TASK DETAILS: Please return exactly the lines from the top of the data through the line that contains "Ceremonial room bride", and skip all pictures.

DATASET CONTENT:

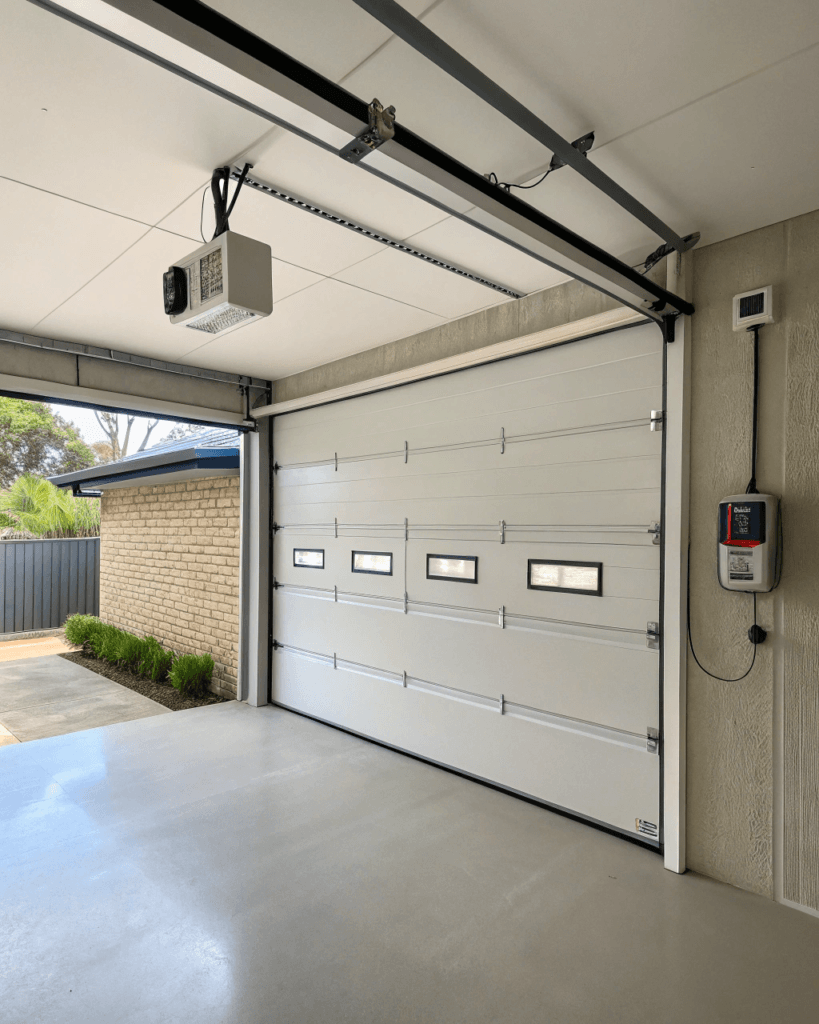 Garage interior showing a hardwired electrical connection point beside the garage door motor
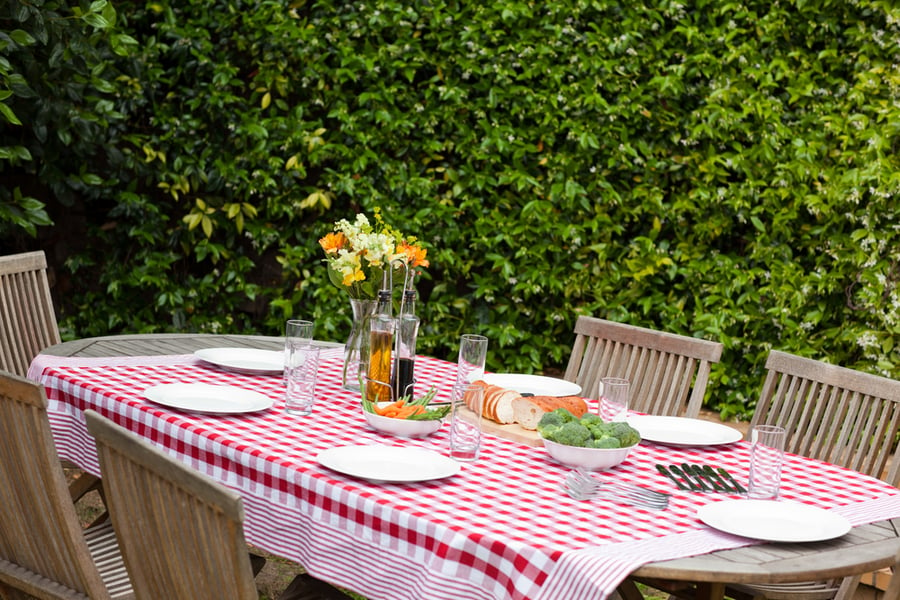 updated table and linens make the most of your backyard space. 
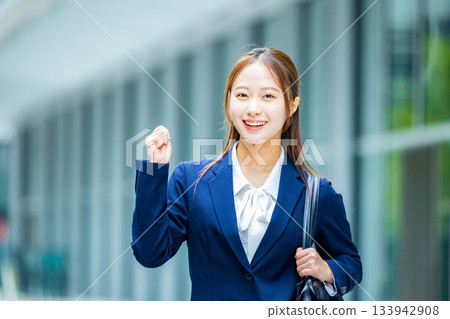 A woman working hard at job hunting 133942908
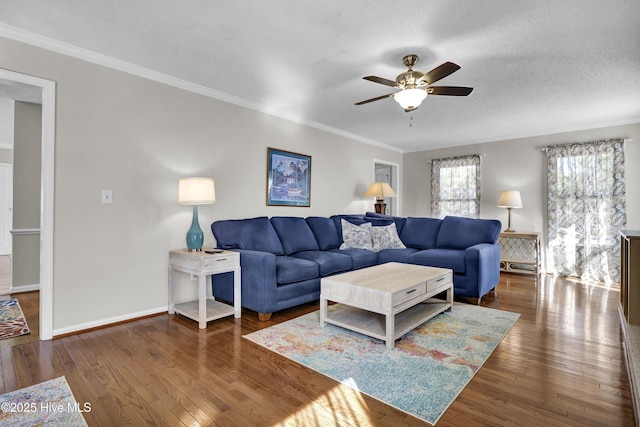 living room with dark wood-type flooring, ornamental molding, and a textured ceiling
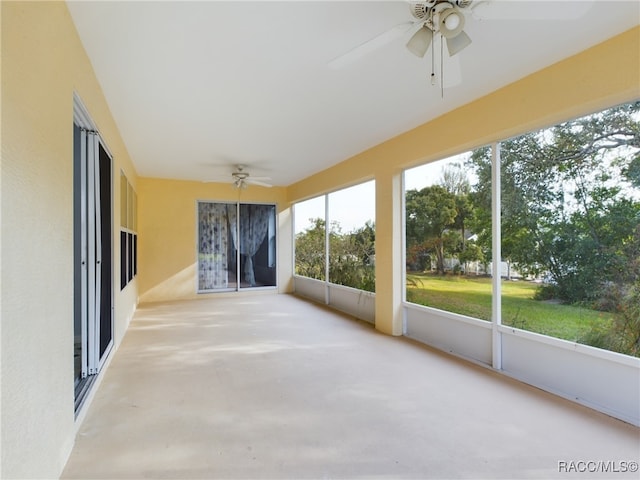 unfurnished sunroom featuring ceiling fan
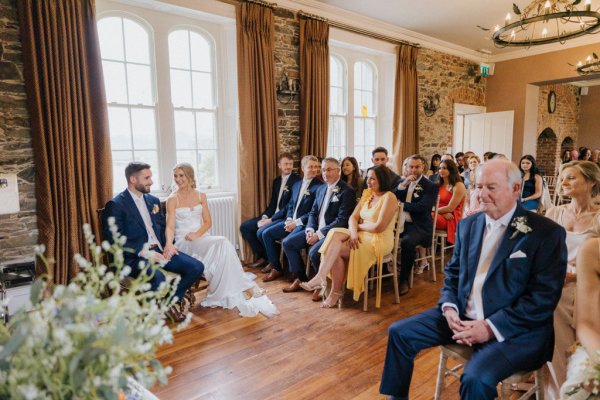 Ceremonial room bride and groom seated with guests in background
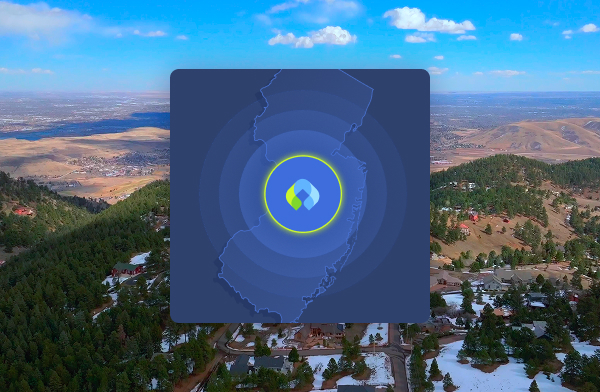 An aerial view of rolling hills and patchwork farmland, centered with a blue map overlay. The overlay features concentric circles radiating from a location in California with the Canopy logo centered within it.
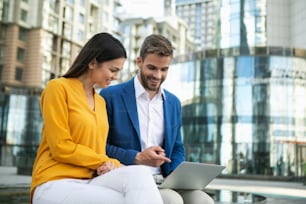 Excited businessman showing presentation on laptop to his colleague. Woman is looking at gadget with interest and smiling with satisfaction. They are sitting outdoor in city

THE COMPLETED TASK:
 Garage interior showing a hardwired electrical connection point beside the garage door motor
 updated table and linens make the most of your backyard space. 
 A woman working hard at job hunting 133942908
 living room with dark wood-type flooring, ornamental molding, and a textured ceiling
 unfurnished sunroom featuring ceiling fan
 Ceremonial room bride and groom seated with guests in background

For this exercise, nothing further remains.